Work required: Write out, from the entries below, exactly the lines that run between the lines holding "Stuffed calamari in lemon butter sauce - Viktoria's" and "A well aged", inclusive, and stop there.

··· Available data

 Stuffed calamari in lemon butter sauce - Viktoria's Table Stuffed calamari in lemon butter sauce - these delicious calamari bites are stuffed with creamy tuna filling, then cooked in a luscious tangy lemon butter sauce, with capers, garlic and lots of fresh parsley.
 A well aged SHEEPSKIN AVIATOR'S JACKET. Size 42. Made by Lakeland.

······
··· Available data

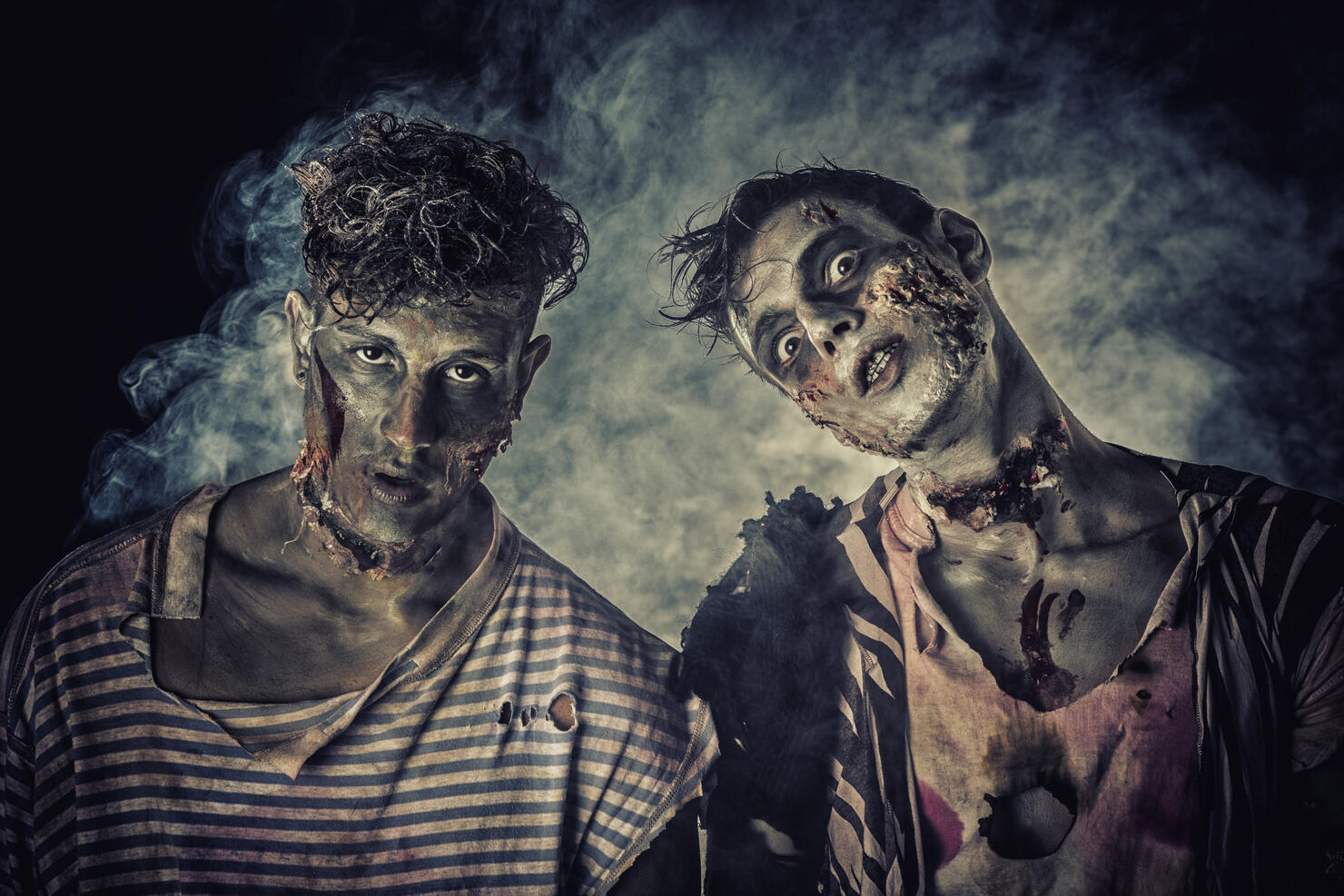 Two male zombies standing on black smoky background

······

Answer box:
 Stuffed calamari in lemon butter sauce - Viktoria's Table Stuffed calamari in lemon butter sauce - these delicious calamari bites are stuffed with creamy tuna filling, then cooked in a luscious tangy lemon butter sauce, with capers, garlic and lots of fresh parsley.
 A well aged SHEEPSKIN AVIATOR'S JACKET. Size 42. Made by Lakeland.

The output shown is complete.